A drug gang’s rap videos led to murder charges
After a months-long investigation, the last man wanted for murder was arrested. It was the culmination of a mounting pile of evidence against a local gang suspected of drug trafficking, straw purchases, and at least two shootings, police said.
For two years, a Pottstown gang known for violence and drug dealing was careful to evade detection, authorities said, using rental cars to commit crimes and hiring people in drug addiction to buy their guns.
But the BGB gang also made rap videos and filmed its members holding drugs and guns. And that led to the arrest of four men on murder charges.

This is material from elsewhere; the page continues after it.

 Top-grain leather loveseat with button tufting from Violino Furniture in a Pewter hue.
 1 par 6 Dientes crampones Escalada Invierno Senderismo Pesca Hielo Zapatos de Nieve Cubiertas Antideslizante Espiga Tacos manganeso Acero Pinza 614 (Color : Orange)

One of the videos the gang made at a drab apartment complex in the borough clearly showed the number of the apartment unit to which members fled moments after killing a man in late March, authorities said Friday.

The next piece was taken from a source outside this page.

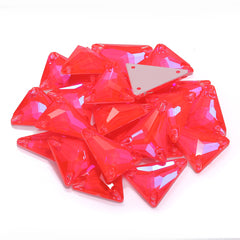 Electric Neon Hyacinth Slim Triangle Shape High Quality Glass Sew-on Rhinestones WholesaleRhinestone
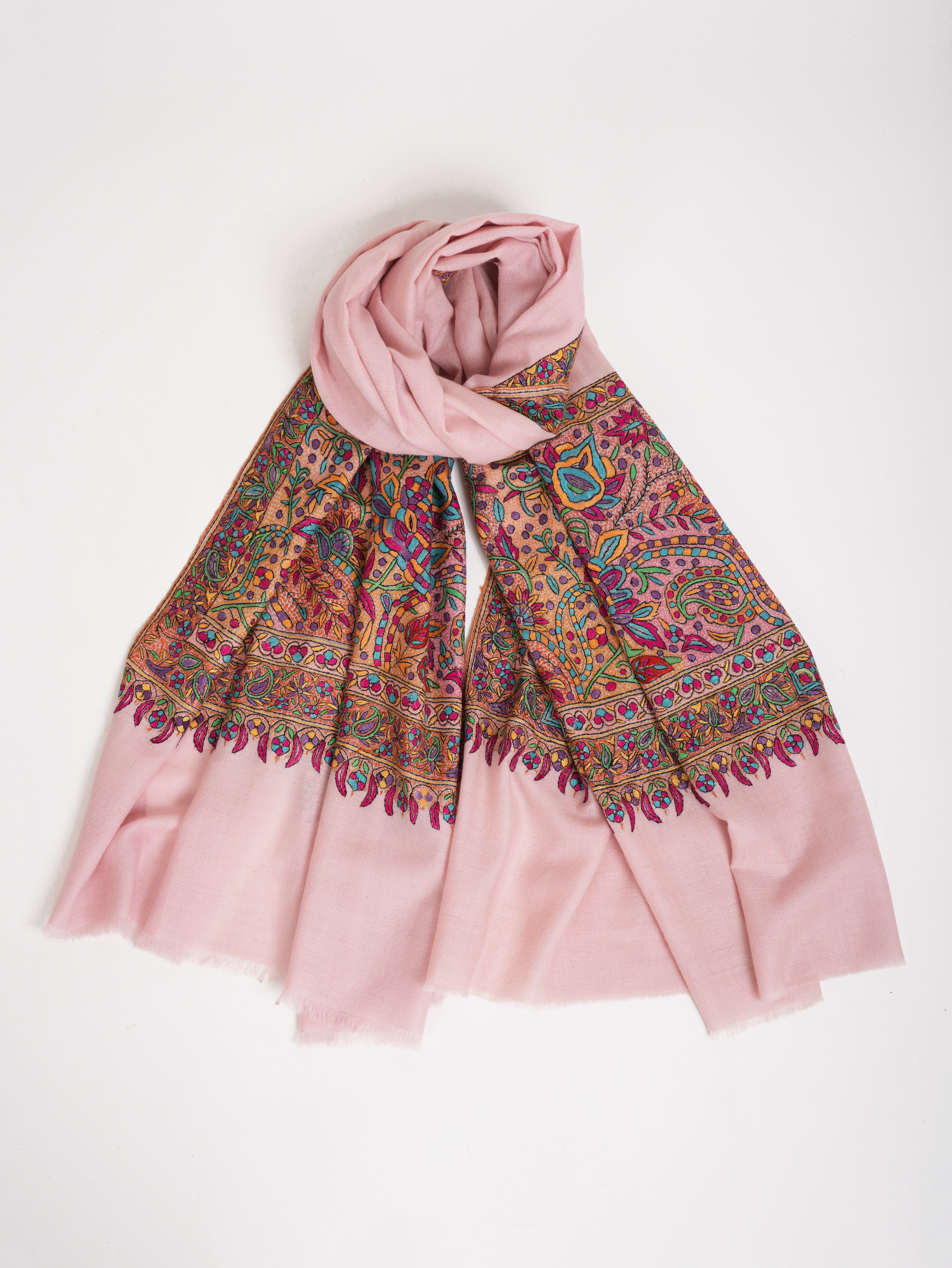 Papermachie Palla Embroidered Pink Pashmina Shawl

The four men are charged in the death of Keith Robinson, who was shot multiple times in the front seat of his car on a Pottstown street.
Kyshan Brinkley, 23; Jacquan Lee, 26; Elijah Davis, 18; and Derrick Goins, 26, face charges of first- and third-degree murder, conspiracy to commit murder, and gun crimes. Goins, who had eluded police since Aug. 1, was arrested this week, the last of the four to be apprehended.

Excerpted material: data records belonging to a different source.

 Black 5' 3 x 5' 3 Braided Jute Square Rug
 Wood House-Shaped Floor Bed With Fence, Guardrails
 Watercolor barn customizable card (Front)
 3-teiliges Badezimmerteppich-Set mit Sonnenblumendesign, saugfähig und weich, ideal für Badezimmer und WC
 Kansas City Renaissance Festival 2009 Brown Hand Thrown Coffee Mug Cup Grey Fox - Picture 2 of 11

Shortly before 11 p.m. March 30, authorities said, Robinson, 41, of Pottstown, was sitting in his Infiniti SUV on a residential street when 10 bullets fired in rapid succession shattered the passenger window.
For months before his death, Robinson’s girlfriend of two years told investigators, he had feared the men of BGB. In the past, he’d refused to sell Percocet to one of them. Then he heard he was on the gang’s kill list.
As Robinson sat dying in his car, .40-caliber casings lay on the ground. About 500 feet from the crime scene, investigators found a small black jacket in the trash.
A witness told police he had seen a slim man dressed in black “pacing back and forth” in a nearby alley about 20 minutes before Robinson was shot. Surveillance footage showed a man running from the shooting scene. The witness picked Goins out of a photo lineup.
At 11 p.m., seven minutes after officers were called to the scene of the shooting, police said, BGB members drove to an apartment complex on Manatawny Street, where they had a unit they used to sell drugs, store guns, and make their music videos.
Five people spilled out of a black Dodge Caravan Goins had rented the day before the murder and ran into the apartment, police said. They came out minutes later and drove to a nearby gas station, where Goins got out of the passenger seat of the car. He was dressed in black.
Soon after, the group took off for a nightclub in North Philadelphia, where Goins stayed for hours before returning to Pottstown.
Robinson’s death was ruled a homicide the same day.
For months, Montgomery County detectives and Pottstown police had been investigating the BGB gang, studying the videos gang members recorded of themselves holding bags of drugs and wielding guns. Investigators probing Robinson’s death interviewed a man who had been at the gang’s hangout hours before the shooting and taken a cell phone photo of four semi-automatic handguns that investigators later determined may have been used to kill Robinson.
A subsequent search of the apartment led police to seize a loaded Colt .45 semiautomatic pistol, a Glock magazine and bullets, and ammunition that matched the casings at the murder scene.